Manahel al-Otaibi, istruttrice di fitness di 29 anni, è stata condannata a 11 anni di carcere per aver postato contenuti a sostegno dei diritti delle donne e aver pubblicato foto in cui era vestita “male”. La condanna è stata emessa, dal tribunale che tratta casi di terrorismo, il 9 gennaio ma è stata resa nota solo pochi giorni fa, in risposta a una richiesta di informazioni da parte delle Nazioni Unite.

L’attivista è stata accusata di aver pubblicato online un appello per l’annullamento delle oppressive leggi sul tutore maschile e un video in cui indossava “abiti indecenti” e “andava in giro per negozi senza l’abaya” (l’abito tradizionale saudita). Anche sua sorella Fawzia è stata accusata di reati simili, ma è fuggita dall’Arabia Saudita per timore di essere arrestata dopo che, nel 2022, era stata convocata per un interrogatorio.

La Rappresentanza permanente dell’Arabia Saudita a Ginevra ha cercato di raccontare un’altra storia: Manahel al-Otaibi sarebbe stata giudicata colpevole di “reati di terrorismo” ai sensi degli articoli 43 e 44 della legge antiterrorismo, che criminalizza “ogni persona che crea, avvia o utilizza un sito web o un programma su un computer o su un dispositivo elettronico (…) o pubblica informazioni sulla fabbricazione di ordigni incendiari, esplosivi o di qualsiasi altro dispositivo utilizzato per crimini terroristici”, nonché “ogni persona che, con qualsiasi mezzo, diffonde o pubblica notizie, dichiarazioni false, calunnie o simili per commettere crimini terroristici”.

Ironicamente, Manahel al-Otaibi era stata una delle prime a credere nelle riforme strombazzate dal principe della Corona Mohammed bin Salman.
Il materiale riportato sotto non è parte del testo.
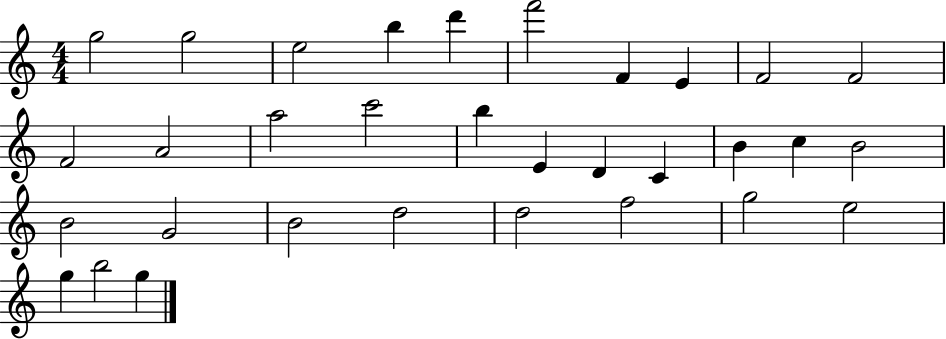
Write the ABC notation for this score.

X:1
T:Untitled
M:4/4
L:1/4
K:C
g2 g2 e2 b d' f'2 F E F2 F2 F2 A2 a2 c'2 b E D C B c B2 B2 G2 B2 d2 d2 f2 g2 e2 g b2 g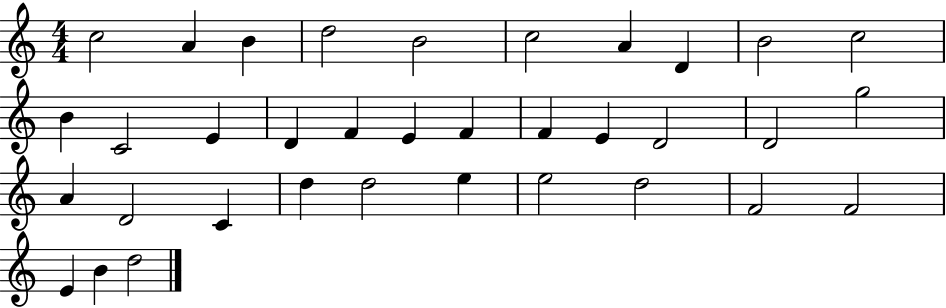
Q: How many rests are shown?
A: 0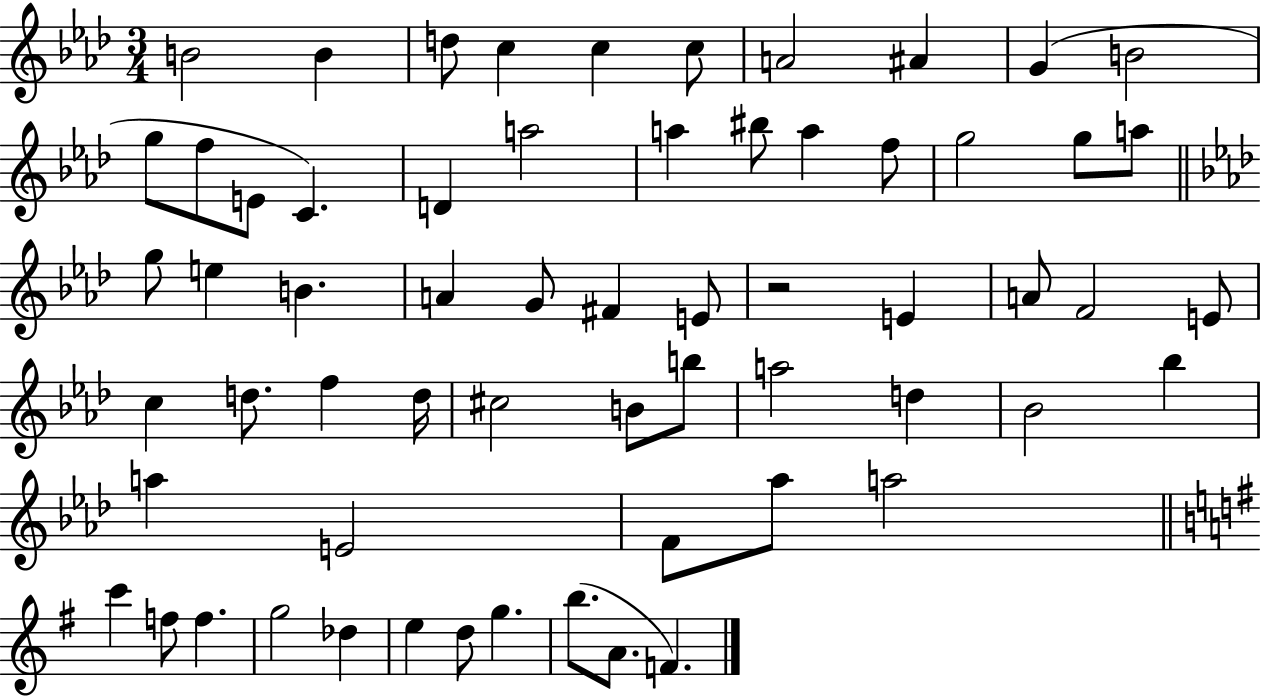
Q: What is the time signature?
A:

In un’intervista tv del 2019 all’emittente tedesca Deutsche Welle aveva descritto i “cambiamenti radicali” in corso nel regno saudita, come le riforme del codice di abbigliamento, aggiungendo che si sentiva libera di esprimere le sue opinioni e di vestirsi come desiderava.

Il suo arresto, il 16 novembre 2022, ha dimostrato come quelle riforme fossero mera propaganda.
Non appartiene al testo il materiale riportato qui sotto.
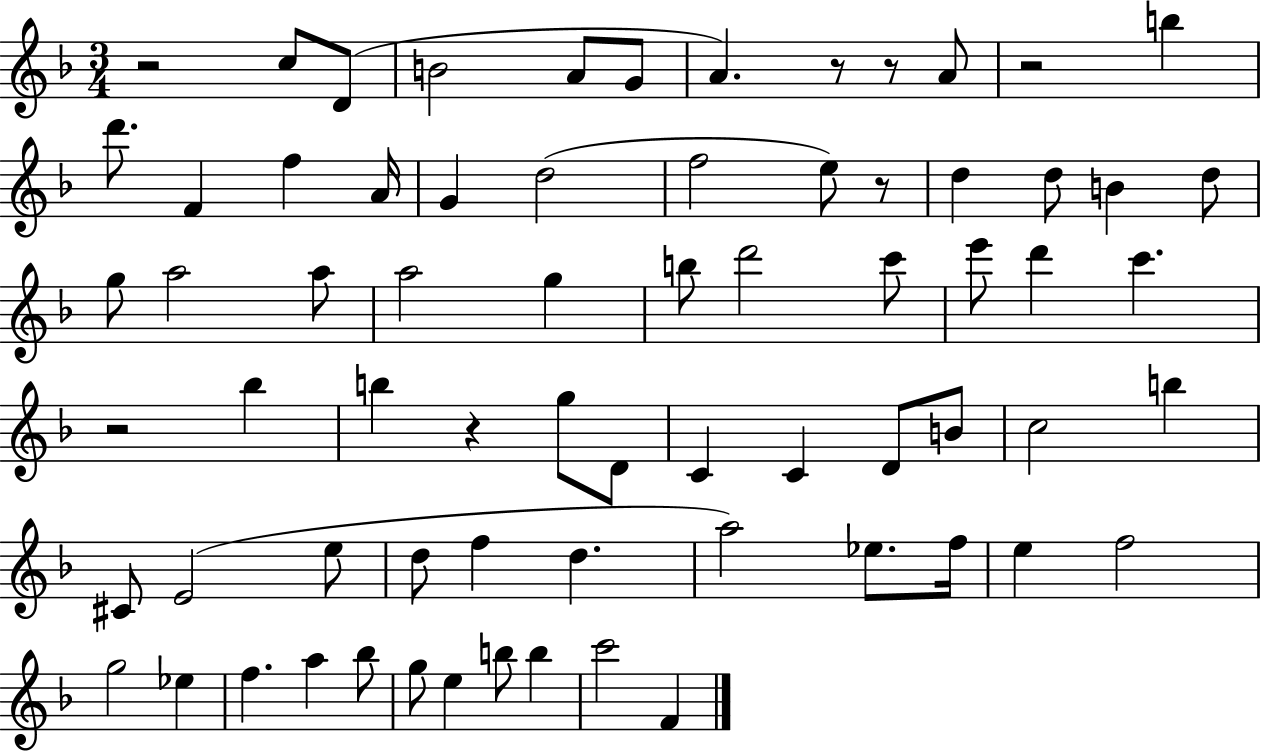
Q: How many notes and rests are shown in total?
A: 70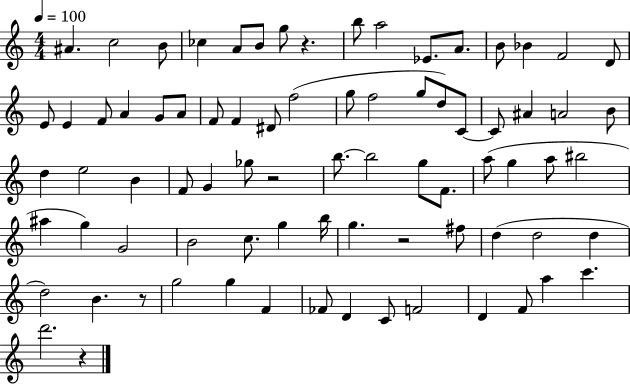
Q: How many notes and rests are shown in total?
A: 79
Dopo l’arresto, Manahel al-Otaibi ha subito violenze fisiche e psicologiche nel carcere di Malaz, nella capitale Riad, ed è stata vittima di sparizione forzata per cinque mesi, dal 5 novembre 2023 fino al mese scorso. Il 14 aprile, quando è finalmente riuscita a contattare di nuovo la sua famiglia, ha raccontato di trovarsi isolamento e di avere una gamba fratturata a causa delle violenze subite. Ha anche detto di non ricevere cure mediche.
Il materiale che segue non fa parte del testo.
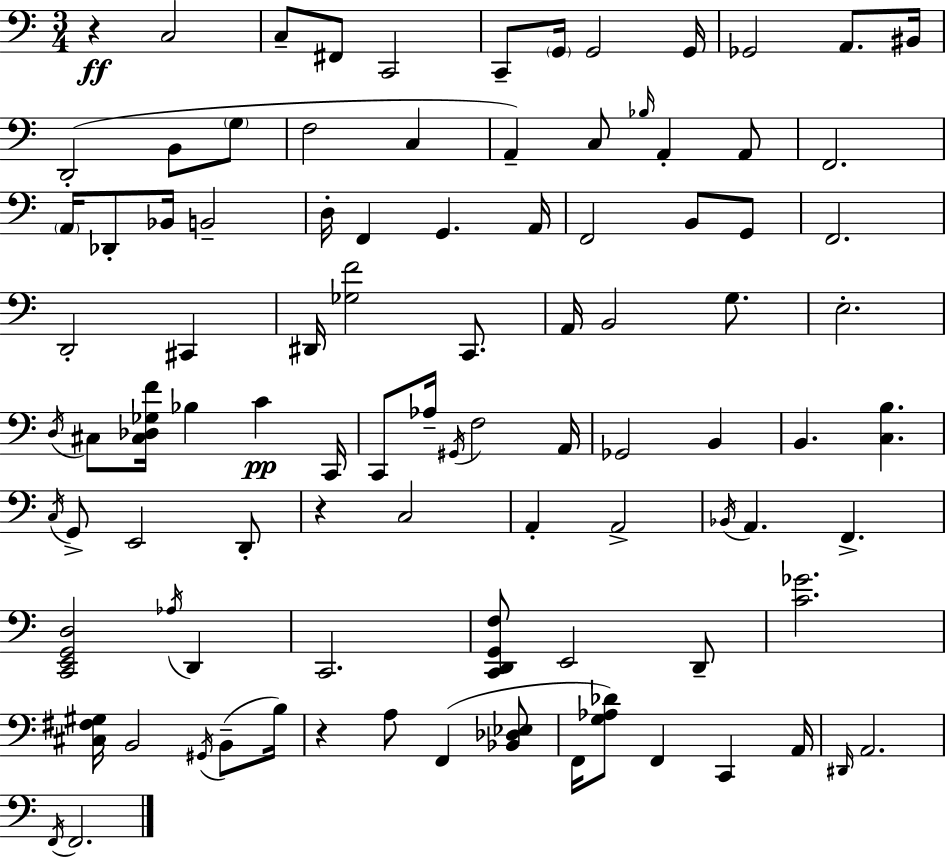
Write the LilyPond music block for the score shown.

{
  \clef bass
  \numericTimeSignature
  \time 3/4
  \key c \major
  \repeat volta 2 { r4\ff c2 | c8-- fis,8 c,2 | c,8-- \parenthesize g,16 g,2 g,16 | ges,2 a,8. bis,16 | \break d,2-.( b,8 \parenthesize g8 | f2 c4 | a,4--) c8 \grace { bes16 } a,4-. a,8 | f,2. | \break \parenthesize a,16 des,8-. bes,16 b,2-- | d16-. f,4 g,4. | a,16 f,2 b,8 g,8 | f,2. | \break d,2-. cis,4 | dis,16 <ges f'>2 c,8. | a,16 b,2 g8. | e2.-. | \break \acciaccatura { d16 } cis8 <cis des ges f'>16 bes4 c'4\pp | c,16 c,8 aes16-- \acciaccatura { gis,16 } f2 | a,16 ges,2 b,4 | b,4. <c b>4. | \break \acciaccatura { c16 } g,8-> e,2 | d,8-. r4 c2 | a,4-. a,2-> | \acciaccatura { bes,16 } a,4. f,4.-> | \break <c, e, g, d>2 | \acciaccatura { aes16 } d,4 c,2. | <c, d, g, f>8 e,2 | d,8-- <c' ges'>2. | \break <cis fis gis>16 b,2 | \acciaccatura { gis,16 }( b,8-- b16) r4 a8 | f,4( <bes, des ees>8 f,16 <g aes des'>8) f,4 | c,4 a,16 \grace { dis,16 } a,2. | \break \acciaccatura { f,16 } f,2. | } \bar "|."
}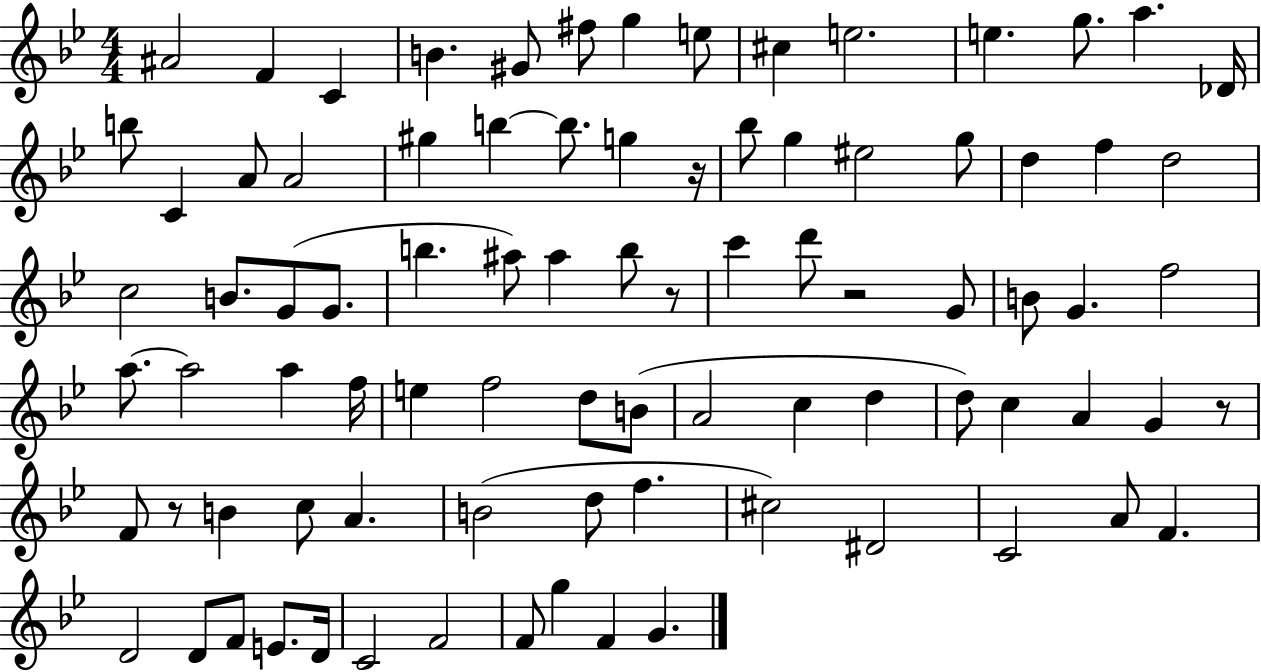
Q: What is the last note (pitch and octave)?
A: G4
La condanna di al-Otaibi segna il picco di una campagna repressiva nei confronti della libertà di espressione in Arabia Saudita, sia online che offline. Negli ultimi due anni, i tribunali locali hanno condannato a lunghe pene detentive molte persone per aver espresso le loro opinioni sui social media, comprese diverse donne, fra le quali Salma al-Shehab (27 anni di carcere), Fatima al-Shawarbi (30 anni), Sukaynah al-Aithan (40 anni) e Nourah al-Qahtani (45 anni).